Purpose: Response of solid malignancies to therapy is usually determined by serial measurements of tumor size. The purpose of our study was to assess the consistency of measurements performed by readers evaluating lung tumors.
Materials and methods: The study group was composed of 33 patients with lung tumors more than 1.5 cm. Bidimensional (BD) and unidimensional (UD) measurements were performed on computed tomography (CT) scans according to the World Health Organization (WHO) criteria and the Response Evaluation Criteria in Solid Tumors (RECIST), respectively. Measurements were performed independently by five thoracic radiologists using printed film and were repeated after 5 to 7 days. Inter- and intraobserver measurement variations were estimated through statistical modeling.

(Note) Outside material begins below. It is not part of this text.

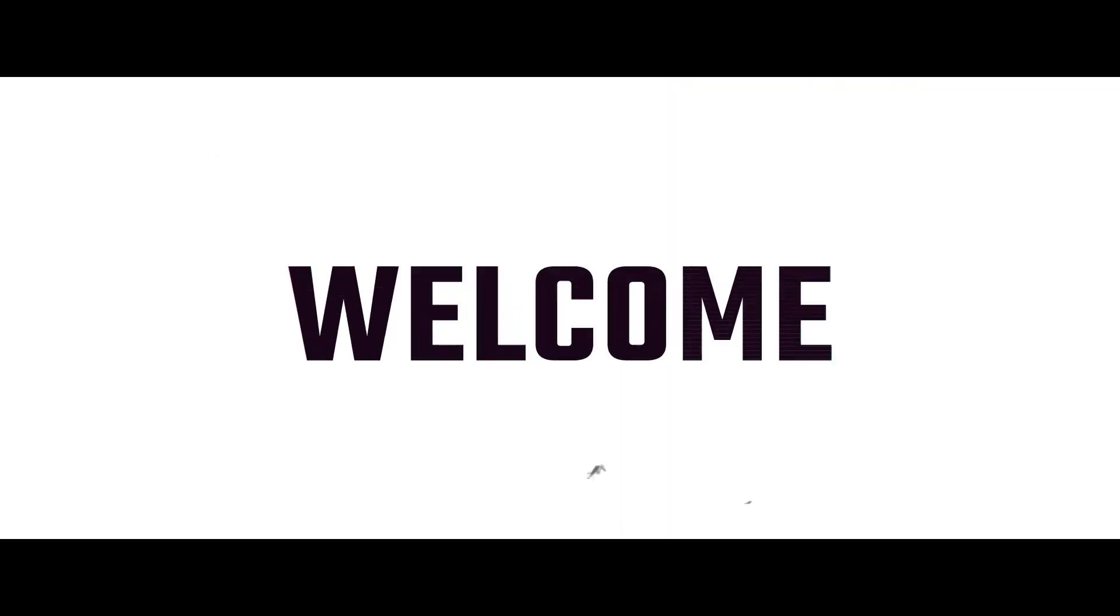So without further ado, get relaxed, grab a coffee or a cup of tea and let's roll the intro.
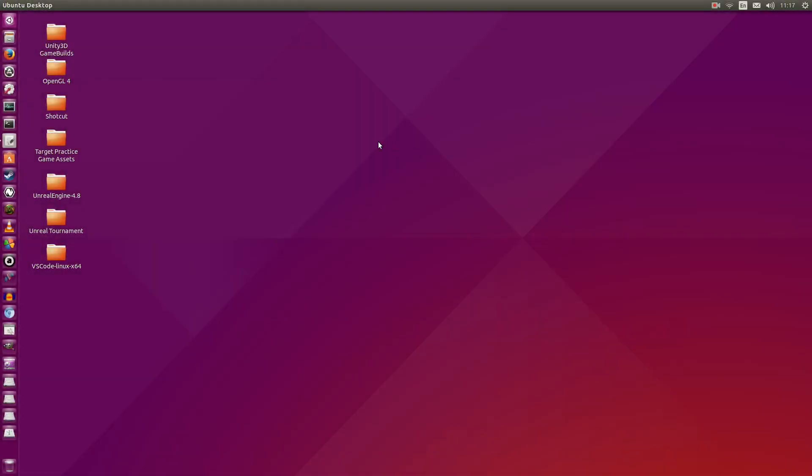Hey guys, Penguin Recordings here, and in this video I'm going to be guiding you on how to get access to OpenGL 4.1 on Ubuntu 15.10.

Results: There were 40 tumors with an average size of 1.8 to 8.0 cm (mean, 4.1 cm). Analysis of variance showed a significant difference (P <.05) among readers and among the measured nodules for UD and BD measurements. Interobserver misclassification rates were more than intraobserver misclassification rates using either progressive disease or response criteria. The probability of misclassifying a tumor with the WHO criteria or RECIST was greatest with interobserver measurements when criteria for progression (43% BD, 30% UD) were used and lowest with intraobserver measurements when criteria for response (2.5% BD, 3.0% UD) were used. In addition, interobserver misclassification rates were more than intraobserver misclassification rates for both regular and irregular tumors.
Conclusion: Measurements of lung tumor size on CT scans are often inconsistent and can lead to an incorrect interpretation of tumor response. Consistency can be improved if the same reader performs serial measurements for any one patient.